A fine example of a rare copy of a first edition of An Inquiry into the Nature and Causes of the Wealth of Nations, (generally referred to by its shortened title The Wealth of Nations), the magnum opus of the Scottish economist and moral philosopher Adam Smith sold today in Edinburgh for £46,000.

It was first published in 1776, the book offers one of the world's first collected descriptions of what builds nations' wealth and is today a fundamental work in classical economics. In it Smith challenged the prevailing mercantilist economic philosophy, in which people saw national wealth in terms of a country's stock of gold and silver and imports as a danger to a nation's wealth, arguing that in a free exchange both sides became better off. Quite simply, nobody would trade if they expected to lose from it. The buyer profits, he argued, just as the seller does. Imports are just as valuable to us as our exports are to others.
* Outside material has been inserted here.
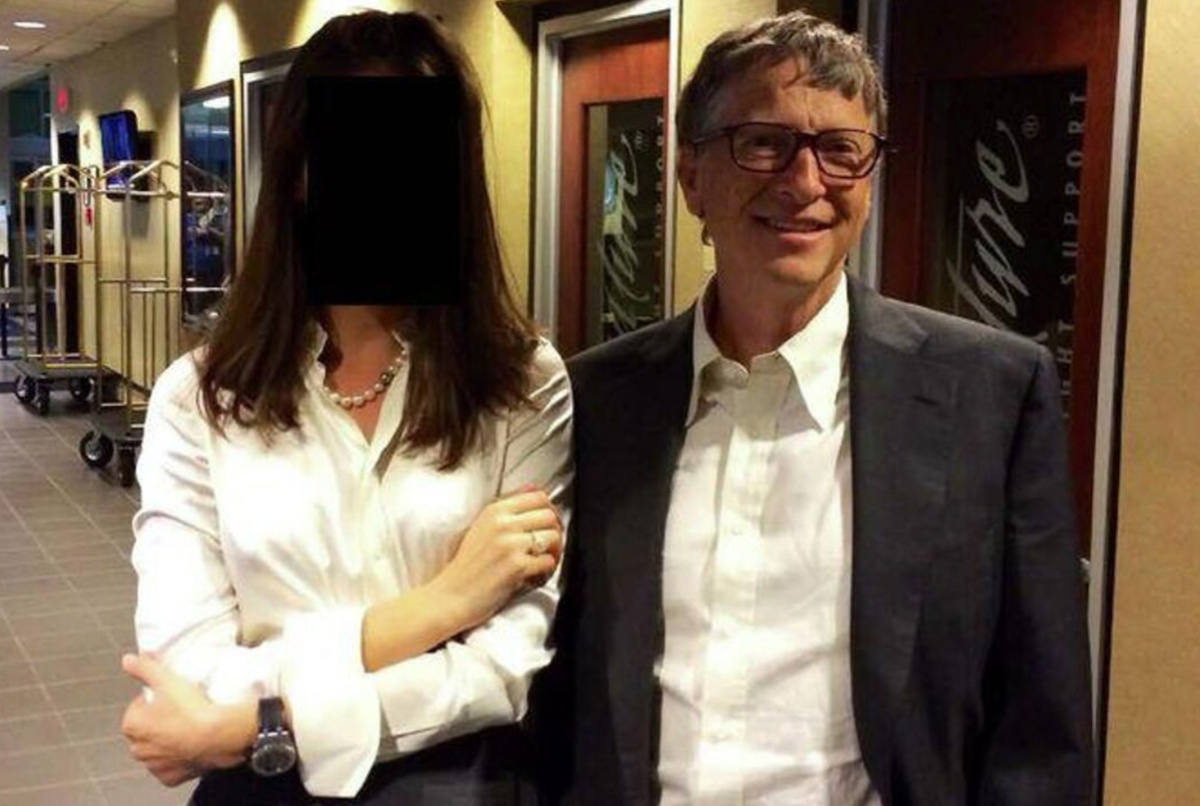    Билл Гейтс с молодой девушкой. Фото: House Oversight Committee Democrats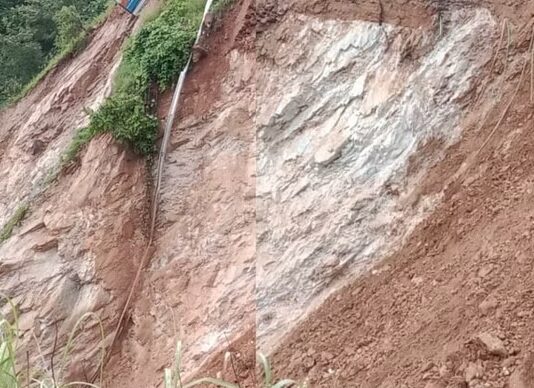 भारी बारिश से हाईवे कई जगह ध्वस्त, सैकड़ों तीर्थयात्री फंसे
Simon Vickers Book Specialist at Lyon & Turnbull said “There was fierce competition from the internet and phone bidders, this is such a significant book in the history of economics first editions do not readily appear on the market. In it Smith argued, it increases our prosperity just as surely as do agriculture or manufacture. A nation's wealth is not the quantity of gold and silver in its vaults, but the total of its production and commerce - what today we would call gross national product.”

Even today the common sense of free trade is generally accepted worldwide. The Wealth of Nations was therefore not just a study of economics but a survey of human social psychology: about life, welfare, political institutions, the law, and morality.

Adam Smith (1723-1790) was not only one of Scotland's greatest moral philosophers but also a pioneer of political economy.  Smith was born in Kirkaldy, Fife, entered the University of Glasgow when he was fourteen and studied moral philosophy under Francis Hutcheson. Here, Smith developed his passion for liberty, reason and free speech. After a brief spell at Oxford University, Smith began delivering public lectures in 1748 in the University of Edinburgh under the patronage of Lord Kames, on the topics of rhetoric and belles-lettres and, later, the subject of "the progress of opulence".

In 1750 he met the Scottish philosopher David Hume who became a close friend, the two sharing wide intellectual interests. In 1751 Smith was given a professorship at Glasgow University and in 1752 was appointed head of Moral Philosophy.